Are these two definitions equivalent? And if they are, how can we proof this result?

Thank you for your help.

Answer 1

Yes, the two definitions are equivalent. If the functions are smooth (and I am not aware of any reason to use nonsmooth Young functions), verification is easy: in the second definition, the supremum defining $\Psi$ is attained when $t=\Phi'(s)$. Write $\phi=\Phi'$ and $\psi=\phi^{-1}$, so that $s=\psi(t)$. Then
$$\Psi(t) = \sup_{s>0} (st-\Phi(s))= t\psi(t)-\Phi(\psi(t))$$ which implies $$\Psi'(t) = t\psi'(t)+\psi(t)-\phi(\psi(t))\psi'(t) = \psi(t) $$ which conforms to the first definition of $\Psi$.

For general functions, the fact that the definitions agree is the content of Young's inequality $$ab \le \left(\int_0^a \phi\right)+\left( \int_0^b \psi\right)$$ (where $\phi$ and $\psi$ are inverses of each other).
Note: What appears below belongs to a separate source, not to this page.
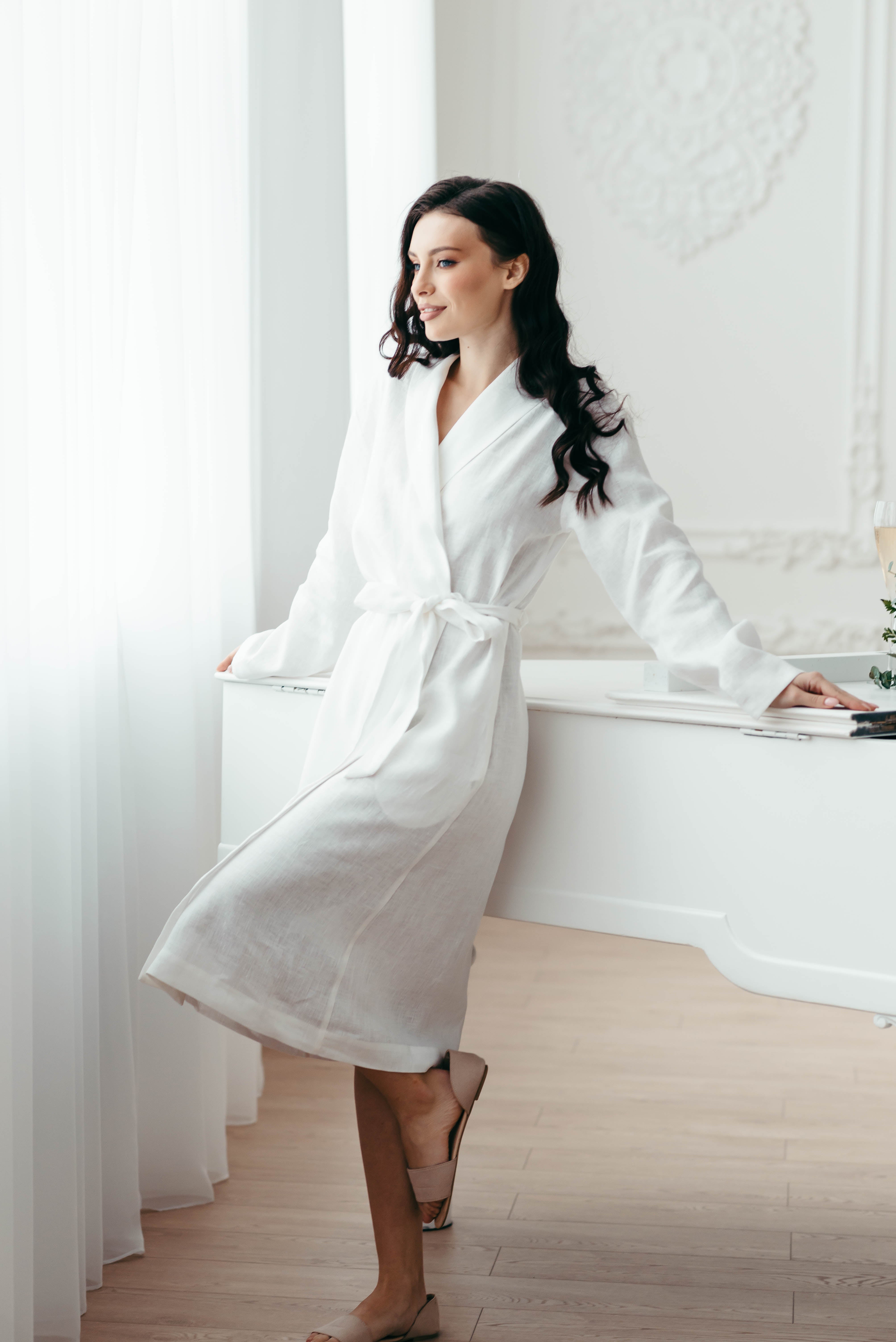 Woman in a white robe standing in a bright room with large windows.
The inequality has a nice "proof by a picture", which I took from Wikipedia:

Answer 2

The is YES if $\varphi$ is invertible. In this case, we clearly have $$\psi= \varphi^{-1}.$$

The second definition $$\Psi(t)= \sup_{s>0} [st-\Phi(s)]= at-\varphi(a) \quad\text{for some }a>0$$

Note that $a$ exists by convexity and we have $\Psi(0)=0$. Since $\Phi'=\varphi$ even have

$$\frac{d}{ds}[st-\Phi(s)](a)=0\Longleftrightarrow t=\varphi(a)\Longleftrightarrow a=\varphi^{-1}(t)$$

which means that $$\Psi(t) = at-\varphi(a)= t\varphi^{-1}(t)-\Phi(\varphi^{-1}(t))$$

That is we have $$\Psi'(t) = t(\varphi^{-1})'(t)+\varphi^{-1}(t)-(\varphi^{-1})'(t)\Phi'(\varphi^{-1}(t))= t(\varphi^{-1})'(t)+\varphi^{-1}(t)-(\varphi^{-1})'(t)\varphi(\varphi^{-1}(t))= \varphi^{-1}(t). $$

This shows that $$\Psi(t)=\sup_{s>0} [st-\Phi(s)]= \Psi(0)+\int_0^t \Psi'(s) ds=\int_0^t \varphi^{-1}(s) ds=\int_0^t \psi(s) ds.$$